Page MenuHomePhabricator

CloudVPS instance for ProVe
Closed, ResolvedPublic

Description

Feature summary (what you would like to be able to do and where): We're a group of researchers from King's College London, where we've developed ProVe (https://www.wikidata.org/wiki/Wikidata:ProVe) a tool for helping editors improve the references of Wikidata items.

We have a solid ~1K users and 17k API calls, and we'd like to have ProVe promoted as a Gadget. However, for this we need to move part of our infrastructure from the university's HPC cluster to Wikimedia infrastrucutre/CloudVPS, as we're told Gadgets shouldn't call external services.

A brief with the current architecture and what needs to be moved to CloudVPS is here.

We'd very much appreciate guidance on how to get started with a CloudVPS instance to get this part of the infrastructure moved. Thanks!

Use case(s) (list the steps that you performed to discover that problem, and describe the actual underlying problem which you want to solve. Do not describe only a solution): ProVe is a tool for helping editors improve the references of Wikidata items. In general, Wikidata item statements should be verifiable and referenced by a source (e.g. a book, scientific paper, etc.). However, a large number of Wikidata item statements do not provide any reference and, if they do, such references are of varying quality which tends to decay over time. ProVe helps with this by providing information about the quality of the references of Wikidata items, based on techniques such as large language models, triple verbalisation, and semantic similairty.
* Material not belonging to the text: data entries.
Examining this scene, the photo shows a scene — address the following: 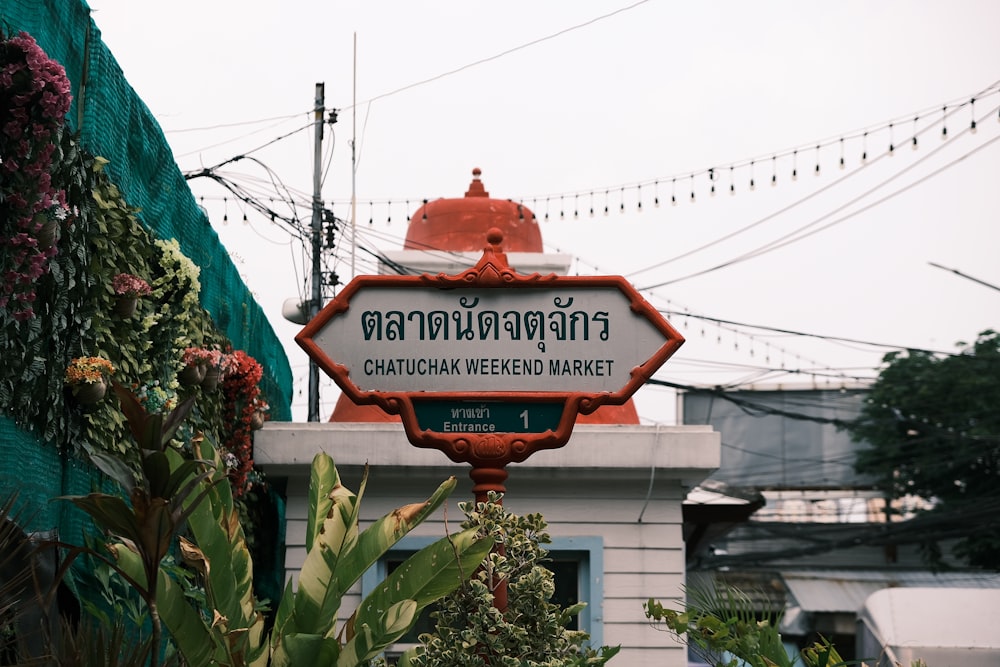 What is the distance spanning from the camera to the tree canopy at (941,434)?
101 feet

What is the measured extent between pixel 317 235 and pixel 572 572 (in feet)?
20.5

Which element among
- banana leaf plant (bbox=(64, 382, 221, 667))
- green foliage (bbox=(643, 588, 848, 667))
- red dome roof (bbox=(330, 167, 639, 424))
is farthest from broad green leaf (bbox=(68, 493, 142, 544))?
red dome roof (bbox=(330, 167, 639, 424))

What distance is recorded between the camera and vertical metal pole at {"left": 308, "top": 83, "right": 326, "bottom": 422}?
1459cm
Benefits (why should this be implemented?): General improvement of Wikidata reference quality

Event Timeline

Restricted Application added a subscriber: Aklapper. · View Herald Transcript
LucasWerkmeister renamed this task from CluodVPS instance for ProVe to CloudVPS instance for ProVe.Oct 27 2025, 11:45 AM
LucasWerkmeister updated the task description. (Show Details)
JJMC89 changed the subtype of this task from "Feature Request" to "Task".
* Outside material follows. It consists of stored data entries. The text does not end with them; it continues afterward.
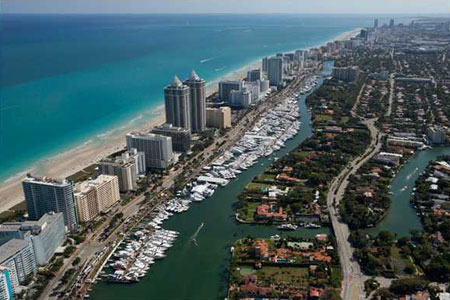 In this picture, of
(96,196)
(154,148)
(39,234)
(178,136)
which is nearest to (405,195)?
(178,136)

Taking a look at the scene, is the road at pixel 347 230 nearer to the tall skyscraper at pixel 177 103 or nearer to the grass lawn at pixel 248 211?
the grass lawn at pixel 248 211

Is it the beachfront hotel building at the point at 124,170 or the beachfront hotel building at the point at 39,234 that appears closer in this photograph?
the beachfront hotel building at the point at 39,234

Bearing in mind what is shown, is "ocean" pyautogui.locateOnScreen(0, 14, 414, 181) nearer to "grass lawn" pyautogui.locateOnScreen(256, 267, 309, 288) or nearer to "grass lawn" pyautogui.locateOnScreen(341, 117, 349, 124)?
"grass lawn" pyautogui.locateOnScreen(341, 117, 349, 124)

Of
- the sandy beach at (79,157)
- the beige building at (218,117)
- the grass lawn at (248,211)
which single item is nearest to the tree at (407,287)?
the grass lawn at (248,211)

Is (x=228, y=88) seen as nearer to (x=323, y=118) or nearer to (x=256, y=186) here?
(x=323, y=118)

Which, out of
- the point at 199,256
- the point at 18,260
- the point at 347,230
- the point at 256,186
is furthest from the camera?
the point at 256,186

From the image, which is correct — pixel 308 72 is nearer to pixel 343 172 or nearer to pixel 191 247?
pixel 343 172

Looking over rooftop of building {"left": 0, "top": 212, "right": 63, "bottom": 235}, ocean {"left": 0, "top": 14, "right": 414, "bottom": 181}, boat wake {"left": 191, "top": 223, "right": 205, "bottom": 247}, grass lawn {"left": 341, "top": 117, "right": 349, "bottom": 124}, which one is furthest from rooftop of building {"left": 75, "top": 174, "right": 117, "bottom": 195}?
grass lawn {"left": 341, "top": 117, "right": 349, "bottom": 124}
we're told Gadgets shouldn't call external services

Can you elaborate on this? Is there a written policy you're following, or a particular team or engineer who's providing this rule? I'm sure it's correct but having more specifics will help us decide how best to direct you :)
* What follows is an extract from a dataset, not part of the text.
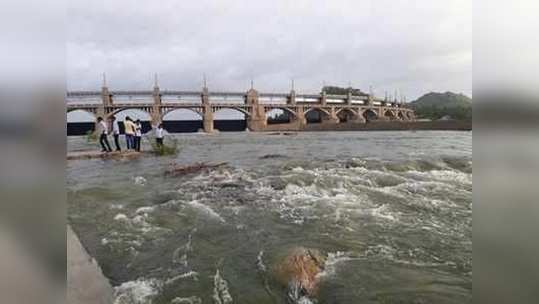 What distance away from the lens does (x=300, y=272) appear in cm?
366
we're told Gadgets shouldn't call external services

Can you elaborate on this? Is there a written policy you're following, or a particular team or engineer who's providing this rule? I'm sure it's correct but having more specifics will help us decide how best to direct you :)

Sure, thanks @Andrew This comes from a few discussions in Tools/Potential Gadgets specifically here and here. In further discussions with Lydia and others we've learned this is mainly to protect user privacy (ie avoid their usernames written in external databases) but I don't think I've seen a written policy about it (perhaps there is and I just don't know it).

Hello again!

We don't have any objection to you opening a VPS project for this. I do suggest that you get more approval from whoever it is that will or won't sign off on your gadget; it might be that adding a caching layer in cloud-vps will be considered adequate for privacy protection, or it might be looked on as 'laundering' an otherwise unapproved backend.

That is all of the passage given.